### Problem to solve
Please transcribe only the lines that run from the line bearing "Saian Skin Scrubber" to the end of the entries, keeping both end lines. Skip the pictures.

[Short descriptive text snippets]
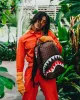 SHARKS AND SKULLS BACKPACK (DLXV) sold by Sprayground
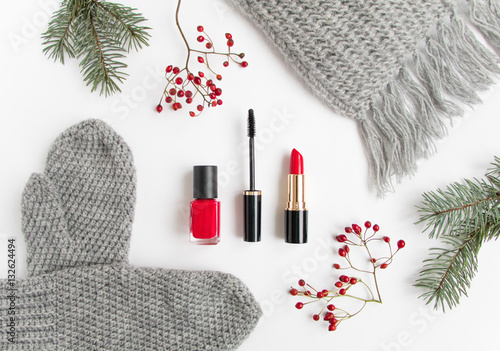 Winter accessories collage with cosmetics and clothes on white background. Flat lay, top view
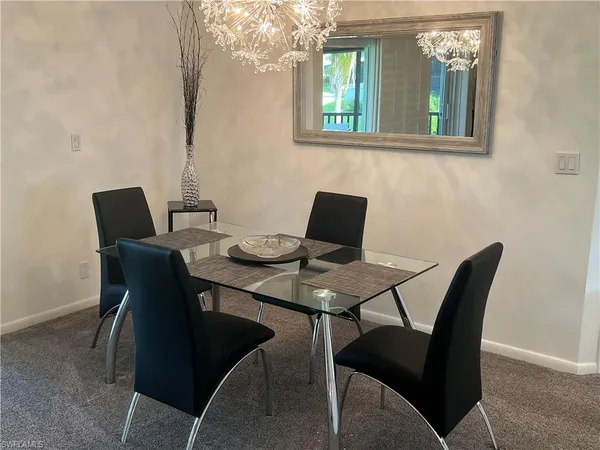 a view of a dining room with furniture and window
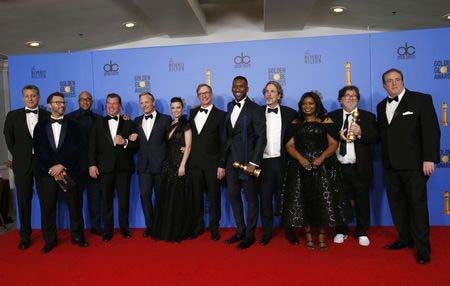 The cast and crew of "Green Book" pose backstage with their Best Motion Picture - Musical or Comedy award REUTERS/Mario Anzuoni
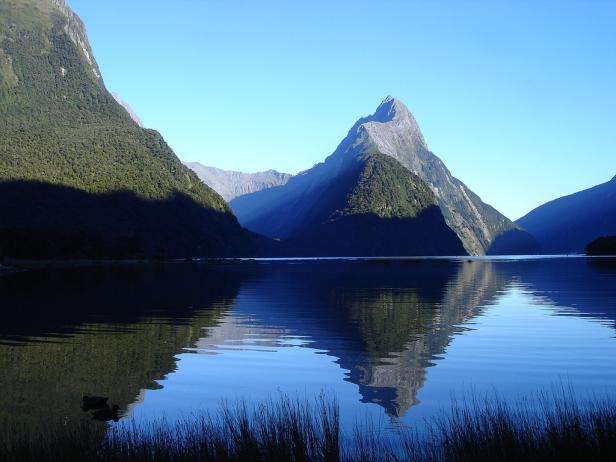 Der Mitre Peak spiegelt sich im ruhigen Wasser des Milford Sound, Neuseeland.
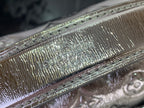 Louis Vuitton silver monogram leather texture close-up with iridescent shine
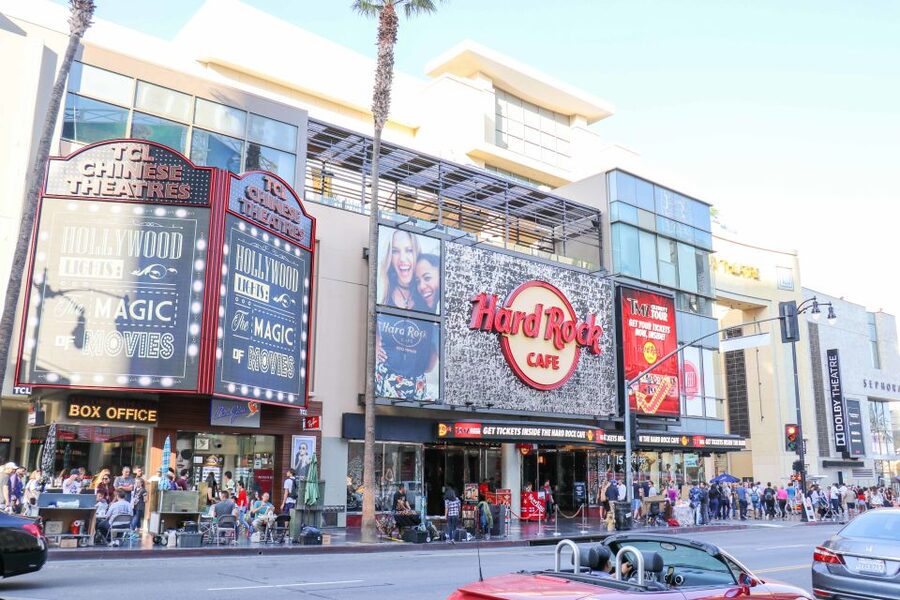 Los Angeles: Hollywood & Celebrity Homes Open-Air Bus Tour - Sunset Boulevard energy: Whiskey a Go Go, Rainbow Bar & Grill, and comedy stops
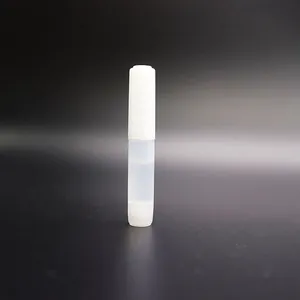 Detailed view of small white cylindrical plastic tube for nail glue and liquid cosmetic items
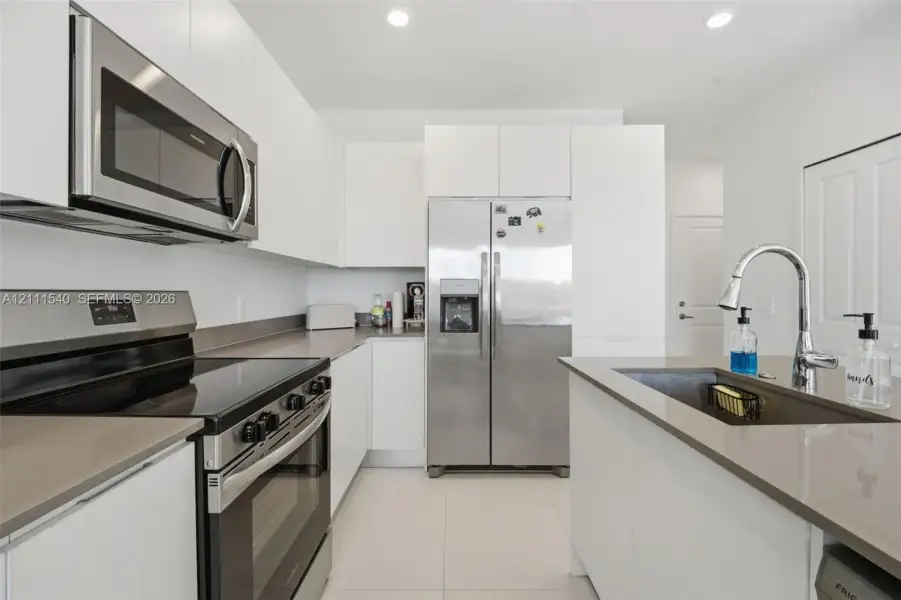 Kitchen featuring flat-panel white cabinetry, stainless steel appliances, quartz countertops, an undermount sink with a gooseneck faucet, and tile flooring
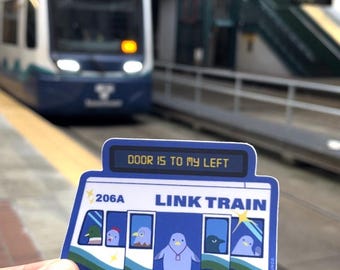 Puede incluir: Una pegatina azul y blanca con el texto "DOOR IS TO MY LEFT" y "LINK TRAIN". La pegatina presenta un tren de dibujos animados con un pingüino y otras aves en las ventanas. El número del tren es 206A.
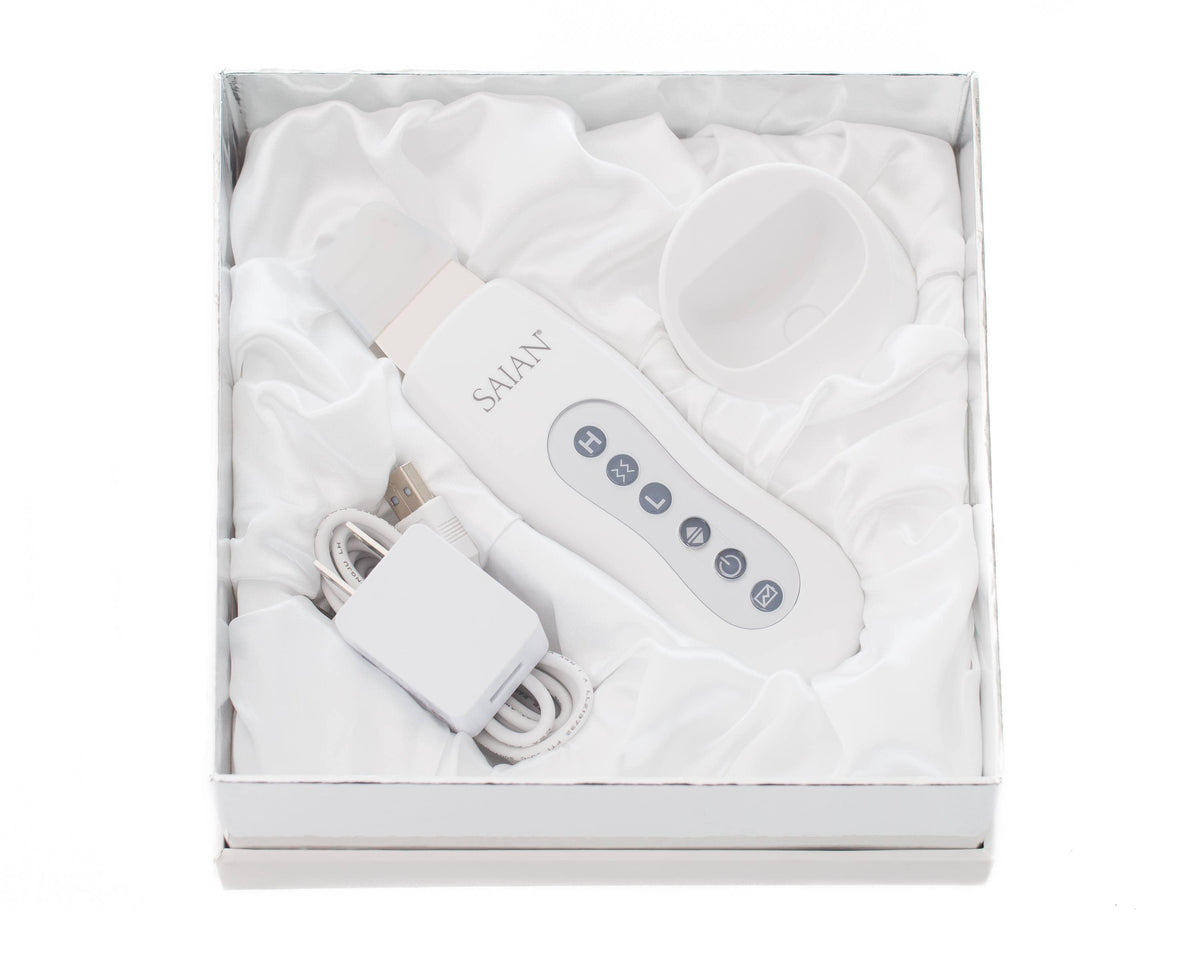 Saian Skin Scrubber Spatula kit includes device, charger, and cradle for ultrasonic exfoliation and enhanced serum use care.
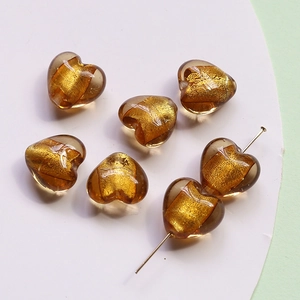 Macro detail of amber heart glass beads with gold foil for DIY jewelry making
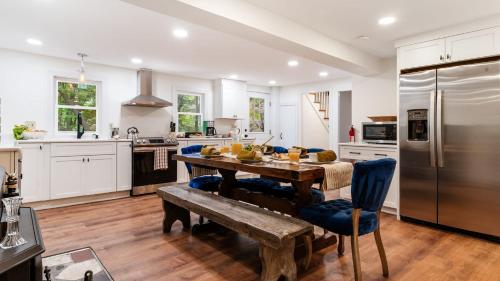 a kitchen with a wooden table and a refrigerator at Pondfront Gem Minutes from Hudson’s Best Shops Cafes The Stillwater House in Hudson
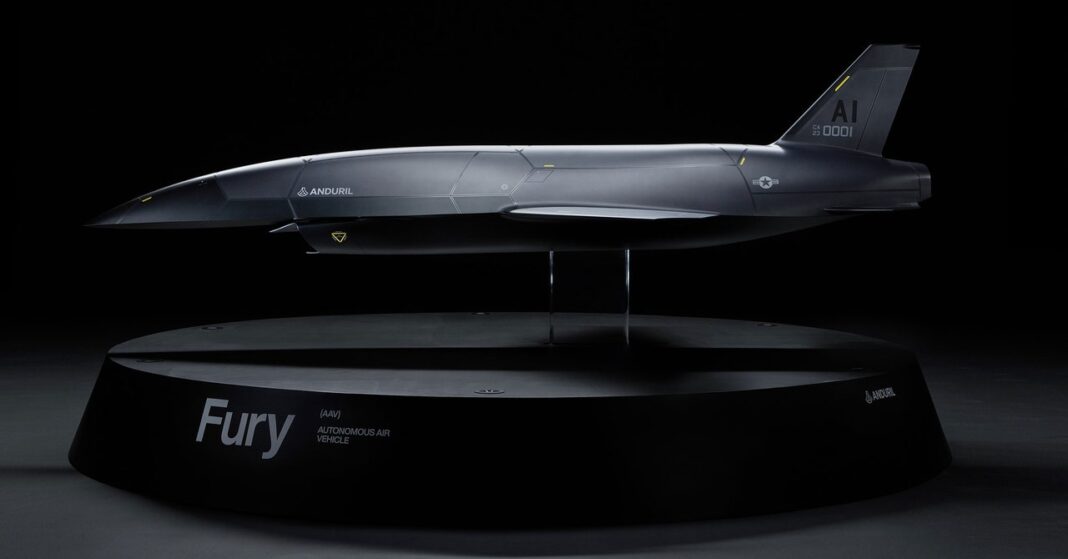 Autonomous aerial vehicle "Fury" on display, dark background.
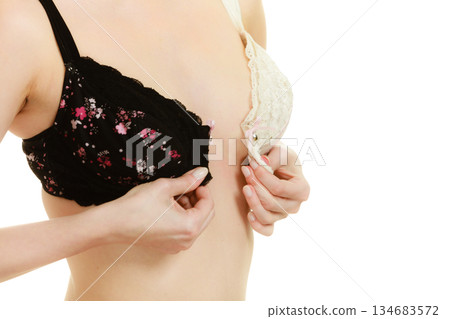 Lady with choice trying to choose perfect bra. 134683572
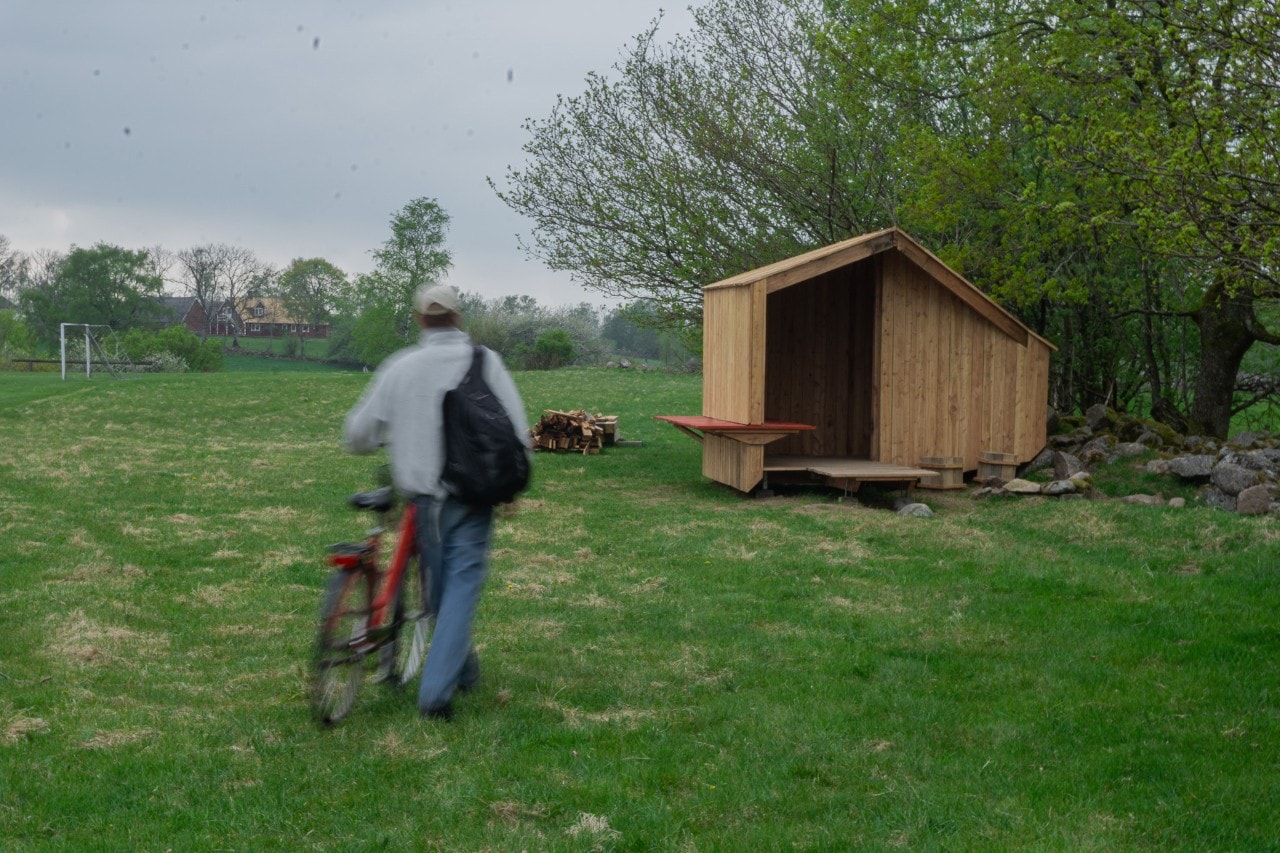 A man with a bicycle in a clearing next to the ArkRest rest stop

### Output of the task
 Saian Skin Scrubber Spatula kit includes device, charger, and cradle for ultrasonic exfoliation and enhanced serum use care.
 Macro detail of amber heart glass beads with gold foil for DIY jewelry making
 a kitchen with a wooden table and a refrigerator at Pondfront Gem Minutes from Hudson’s Best Shops Cafes The Stillwater House in Hudson
 Autonomous aerial vehicle "Fury" on display, dark background.
 Lady with choice trying to choose perfect bra. 134683572
 A man with a bicycle in a clearing next to the ArkRest rest stop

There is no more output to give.